Fast-forward to 2020. Not only are monuments to Douglass’ likeness in jeopardy from the mob, but so are the characteristics that led to his freedom. Competition, hard work, and rugged individualism—qualities that Douglass personified and which led to his own liberation—are all derided as racially exclusive values of “whiteness.”

All the while, free speech itself, which Douglass called the “great moral renovator of society and government,” is under threat as never before. Cancel culture, social media mobs, and intolerant campus administrators are so ubiquitous that only the most obtuse defenders of the new orthodoxy can deny their existence or minimize the danger they pose.

Can the freedom of speech that Douglass held so dear make a comeback?

In early July, a largely center-left group of writers, historians, and scholars published an open letter at Harper’s Magazine calling for a recommitment to free speech and open debate. And while its signatories, including Harry Potter author J.K. Rowling and Vox’s Matthew Yglesias, faced sharp backlash from far-left activists, the letter was nonetheless a bold step in the right direction.

More recently, a separate group of prominent scholars, legal experts, and religious leaders signed onto the Philadelphia Statement. Released at Newsweek, the statement’s signatories call “for a renewed commitment to civil discourse and free speech” that is built upon the free speech tradition at the heart of the American experiment.

It’s “the American tradition of freedom of expression,” the statement lays out, that “trains us to think critically, to defend our ideas, and, at the same time, to be considerate of others whose creeds and convictions differ from our own … And it admonishes us that if we value the freedom of expression, we must extend the same measure of freedom to others, even to those whom we believe have gone very wrong in their thinking.”

In its first 24 hours, the Statement gained well over 5,000 signatories, adding onto its initial list that included human rights scholar and advocate Ayaan Hirsi Ali, Kevin D. Williamson of National Review, and Dr. Charles Murray of the American Enterprise Institute—three public figures who have experienced the human cost of cancel culture firsthand.

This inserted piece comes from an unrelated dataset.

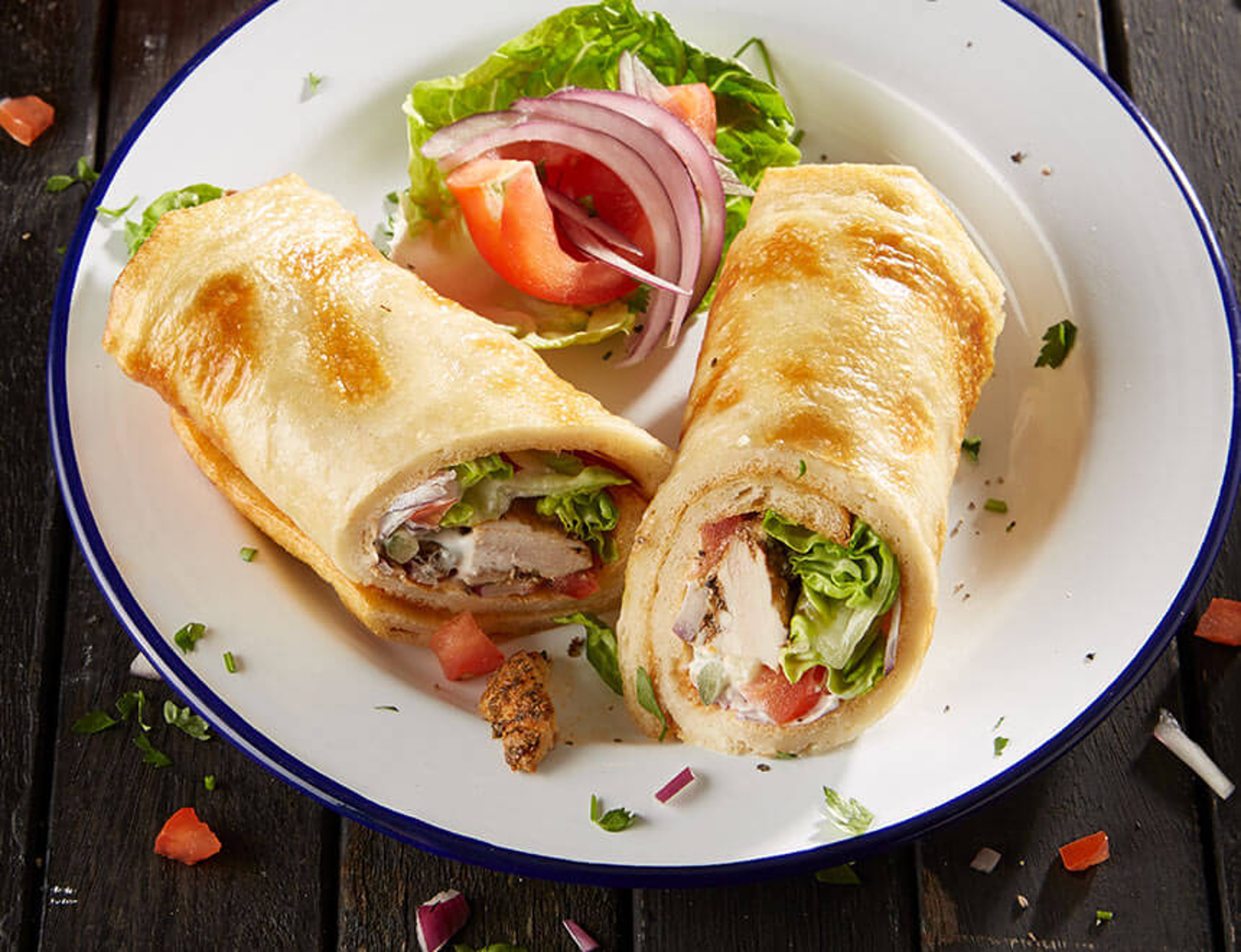 chicken-gyros-in-yorkshire-pudding-bases.jpg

Ali grew up in truly oppressive conditions in Somalia, and has spent her adult life advocating for the rights of women and minorities. Yet in 2016, she was targeted by the thoroughly discredited Southern Poverty Law Center as an “anti-Muslim extremist”—an unfounded allegation that not only damaged her reputation, but further compromised her physical safety. In 2018, Williamson was fired by The Atlantic at the behest of a Twitter mob just three days after his first piece appeared there. And a year earlier, Murray was caught in the middle of an actual mob at Middlebury College, where he had been invited as a guest speaker by a student group.

Perhaps fueled by alarming instances like these, a recent poll from the Cato Institute found that 62 percent of Americans are afraid to share their own political views.

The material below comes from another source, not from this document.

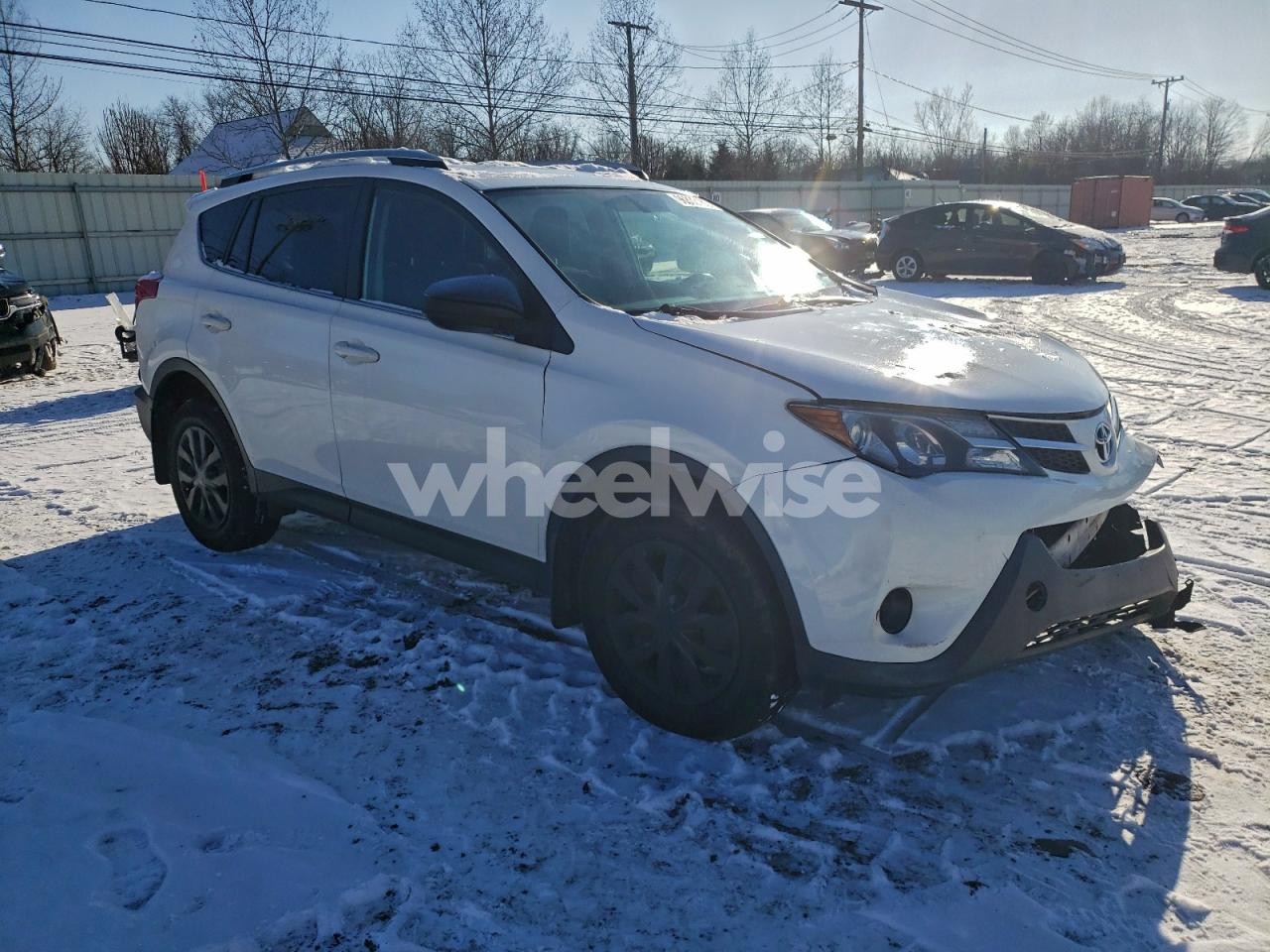 Photo 4 of 2015 TOYOTA RAV4 LE (VIN JTMBFREV9FJ047112)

With cancel culture threatening American life in a variety of ways, a return to first principles is essential. It is crucial that people are heard—and not just public figures or those who hold popular or majority opinions. Freedom of speech is most important for the marginalized, the unpopular, those whose opinions are outside of the current norm.

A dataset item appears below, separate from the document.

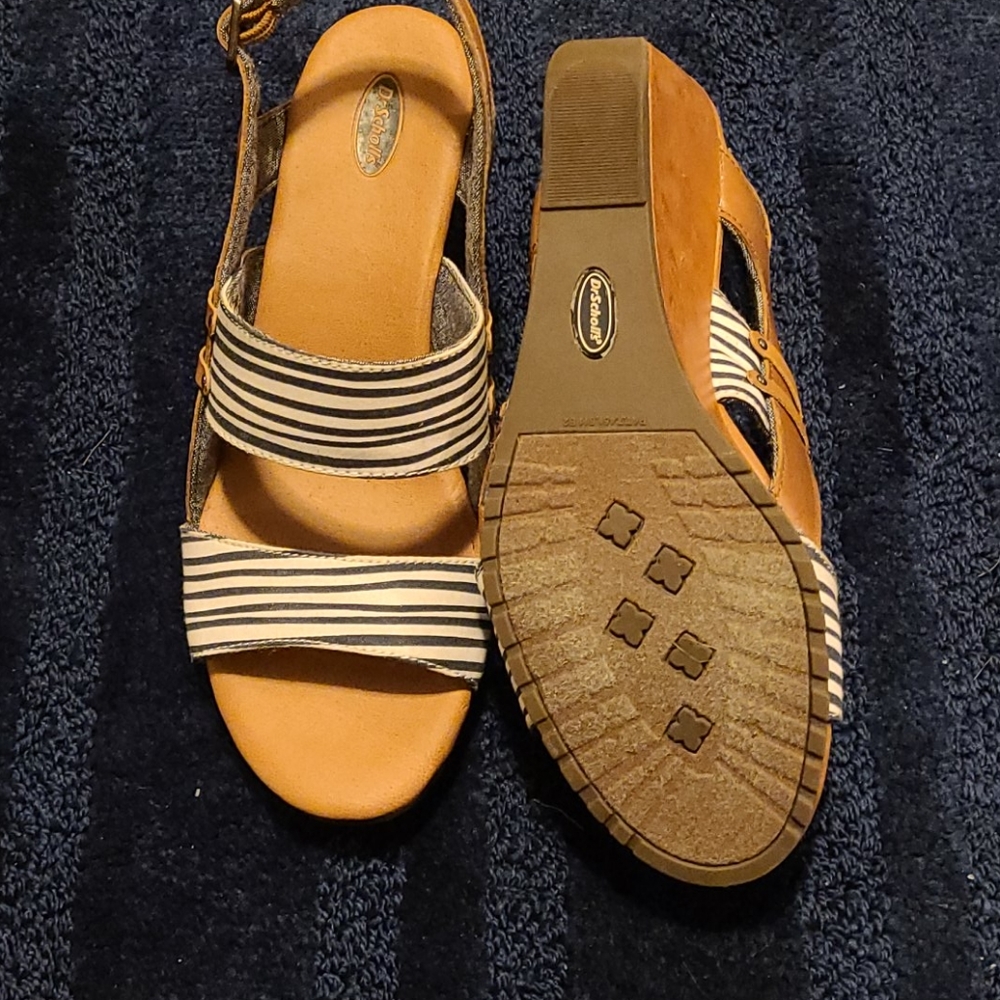 Shoes - Picture 3 of 3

In 1860, there’s no doubt that the abolitionist views of Frederick Douglass were outside the mainstream, and radical—indeed, fighting words to many. But Douglass’ courageous, relentless commitment to the liberty of the mind and freedom of speech played a major role in achieving the physical liberation of millions of Americans bound in chains.

Following Douglass’ example, the Philadelphia Statement is a prime opportunity for everyday Americans to recommit to the values of free speech and robust civil discourse. After all, as Douglass reminds us, our freedom is only meaningful if we can say what we mean and allow others to do the same.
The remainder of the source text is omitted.